*** Data provided Section Begins ***

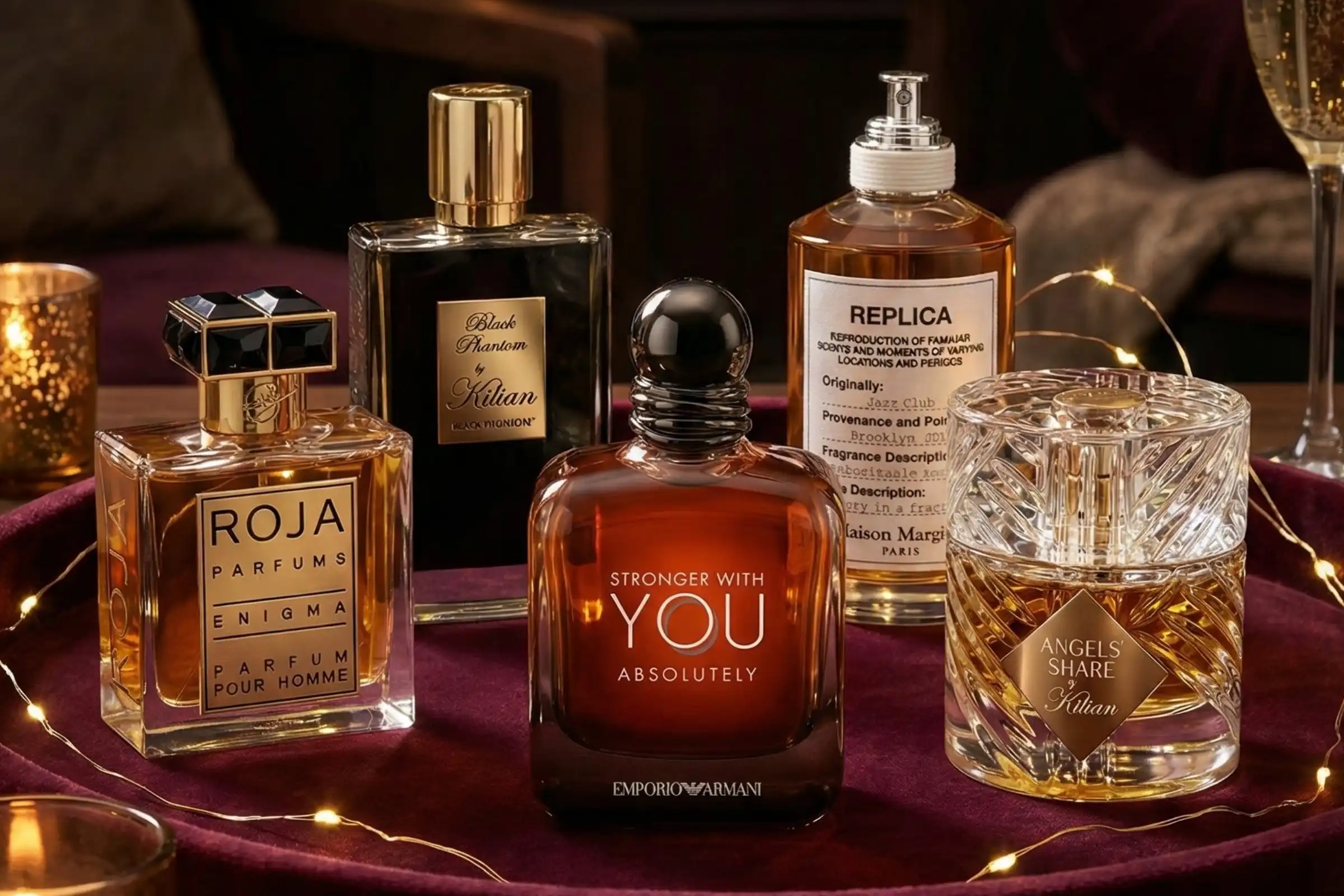 Top 5 Boozy Scents To Welcome 2026! Cheers!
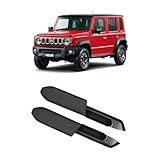 VKINGER ジムニーノマド JC74 5ドア パーツ ドアアームレスト インナードアポケット付き 運転席/助手席用 ひじ掛け 肘置き マルチ収納ボックス 内装 カスタム アクセサリー NOMADE JIMNY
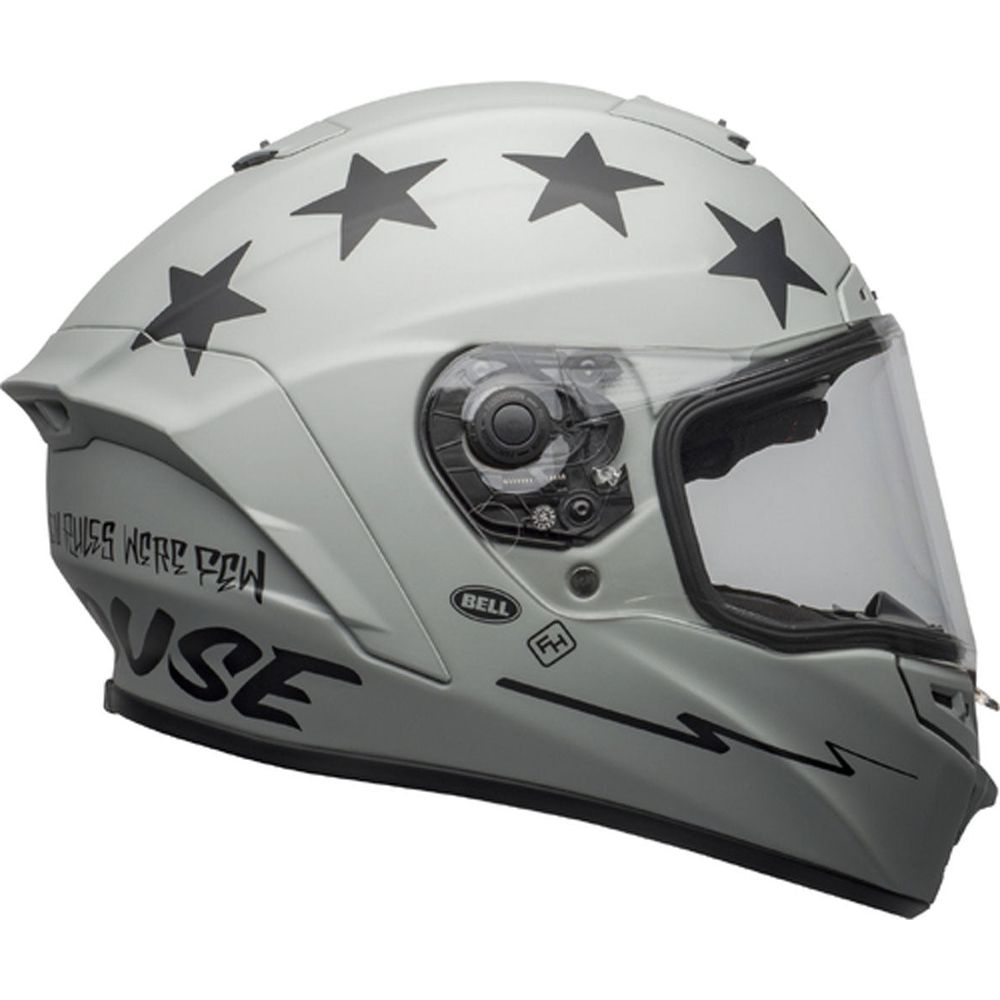 Bell Street Star DLX MIPS ECE22.05 Fasthouse Matt Grey / Black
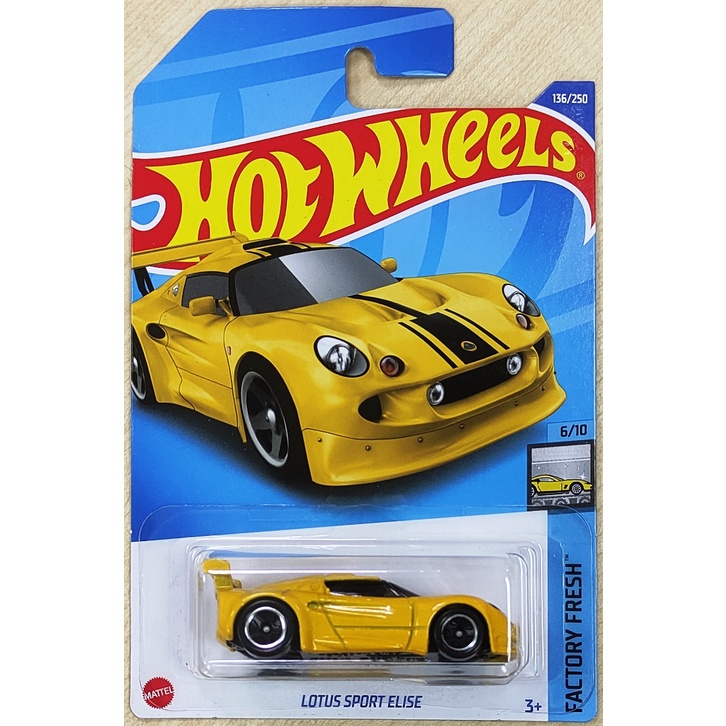 Xe mô hình Hot Wheels 1/64 LOTUS SPORT ELISE (new)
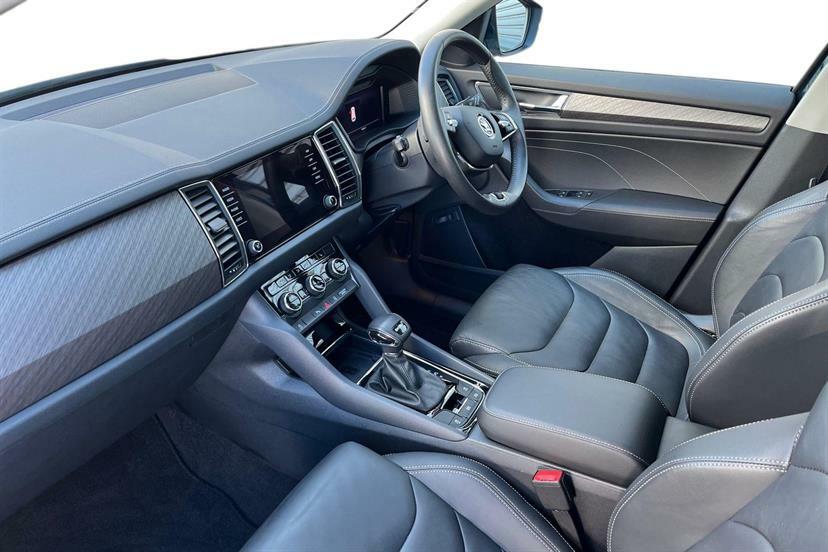 Skoda Kodiaq 1.5 Tsi Se L Executive Dsg 7 Seat YY24EZO Blue #2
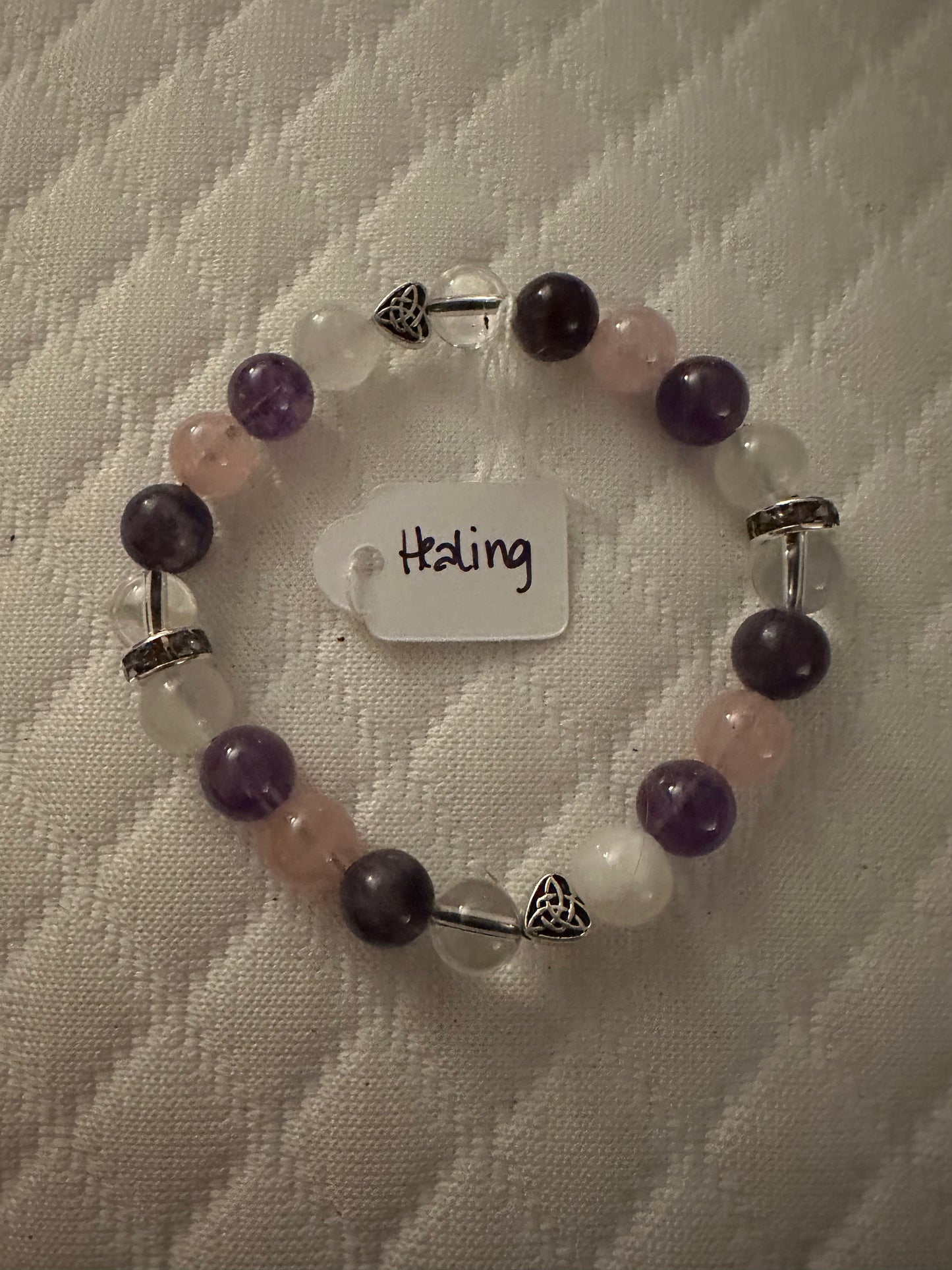 Beaded Bracelet-Healing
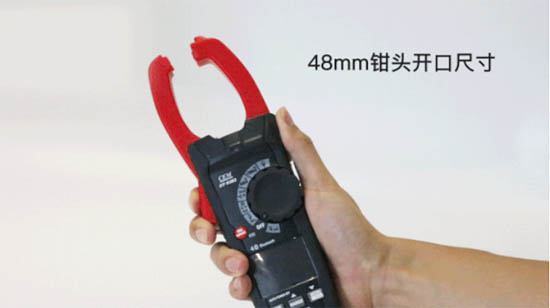 DT-9382系列的鉗頭最大開(kāi)口尺寸為48mm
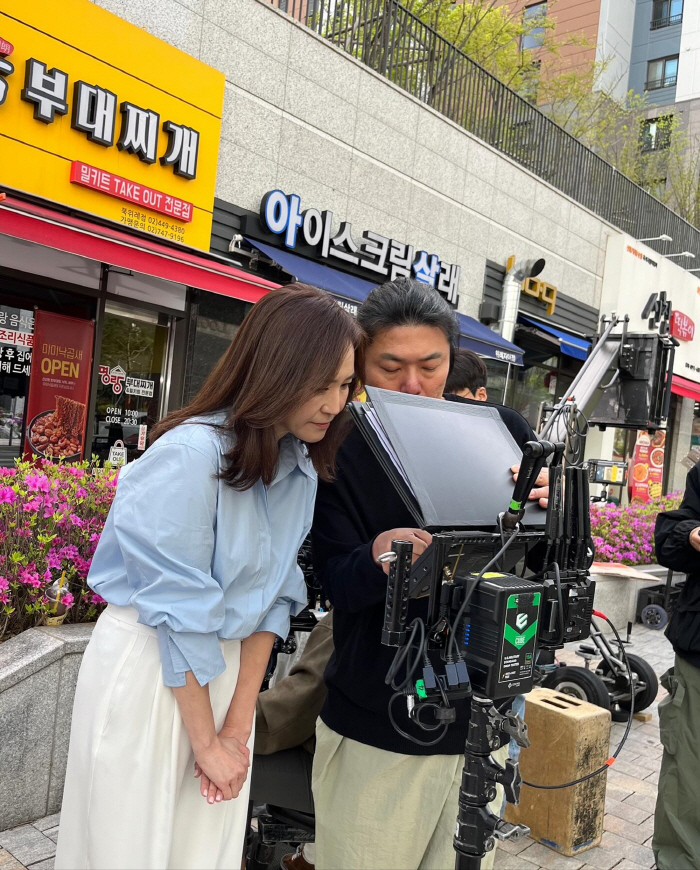 '최민수♥' 강주은 "남편 덕분에 또 놀랍고 충격적인 경험"…단독 CF …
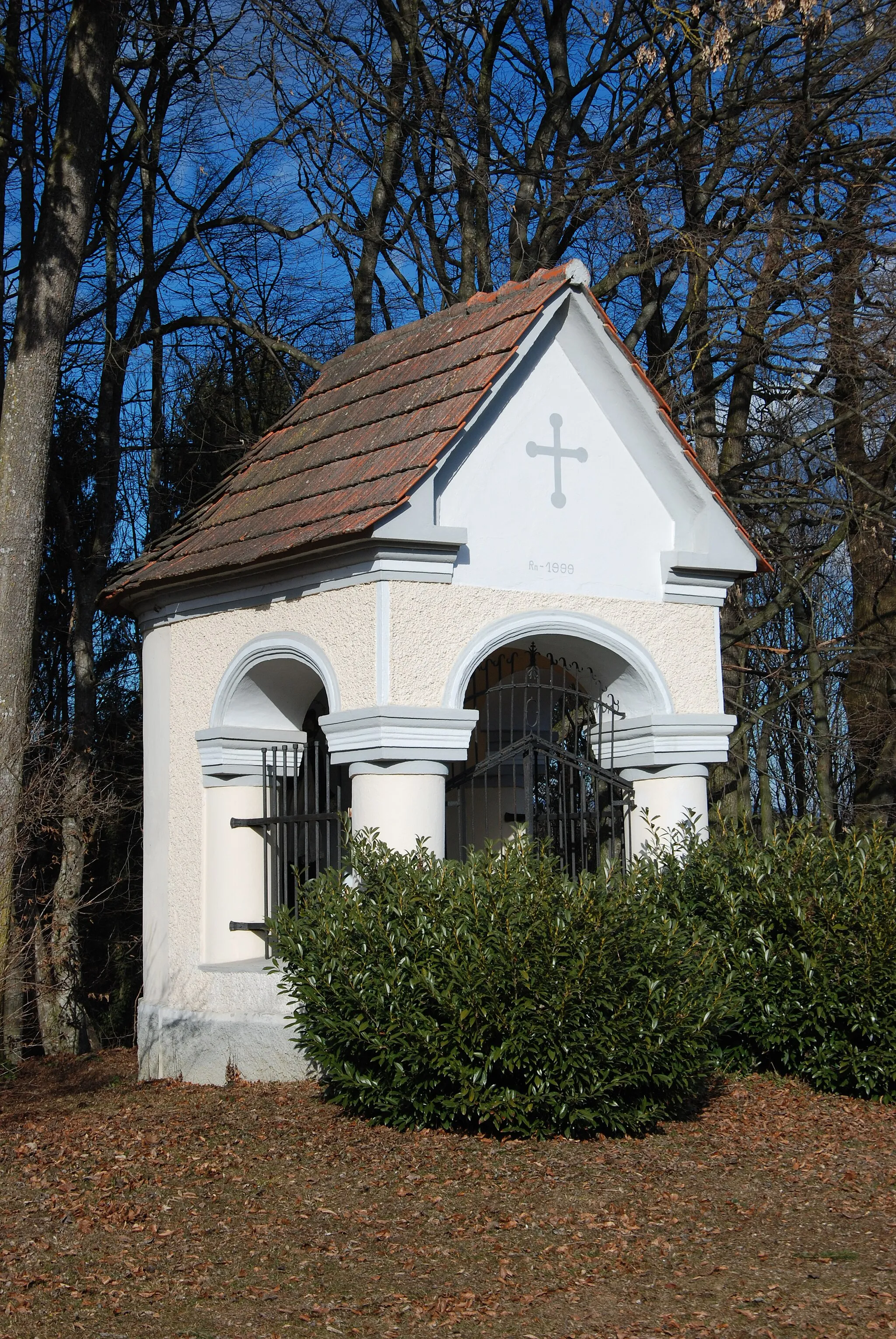 Photo showing: Chapel Kaplaneggweg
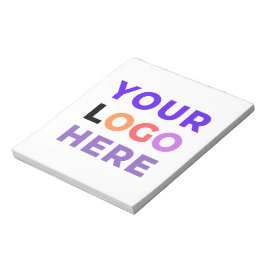 Bloco De Notas Blocos de Notas Personalizados (Logotipo da Empres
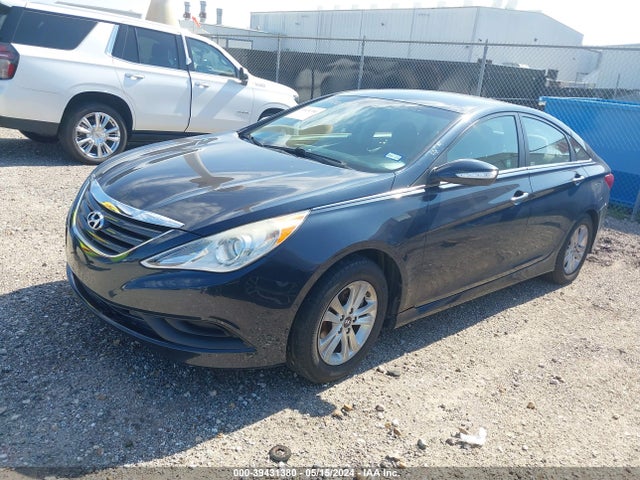 Hyundai SONATA GLS 2014 5NPEB4AC9EH889441 Image 2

*** Data provided Section Ends ***

Line by line and exactly, reproduce the span from the line with "Bell Street Star" through the end of the data above, both ends included, with pictures left out.

Written solution:
 Bell Street Star DLX MIPS ECE22.05 Fasthouse Matt Grey / Black
 Xe mô hình Hot Wheels 1/64 LOTUS SPORT ELISE (new)
 Skoda Kodiaq 1.5 Tsi Se L Executive Dsg 7 Seat YY24EZO Blue #2
 Beaded Bracelet-Healing
 DT-9382系列的鉗頭最大開(kāi)口尺寸為48mm
 '최민수♥' 강주은 "남편 덕분에 또 놀랍고 충격적인 경험"…단독 CF …
 Photo showing: Chapel Kaplaneggweg
 Bloco De Notas Blocos de Notas Personalizados (Logotipo da Empres
 Hyundai SONATA GLS 2014 5NPEB4AC9EH889441 Image 2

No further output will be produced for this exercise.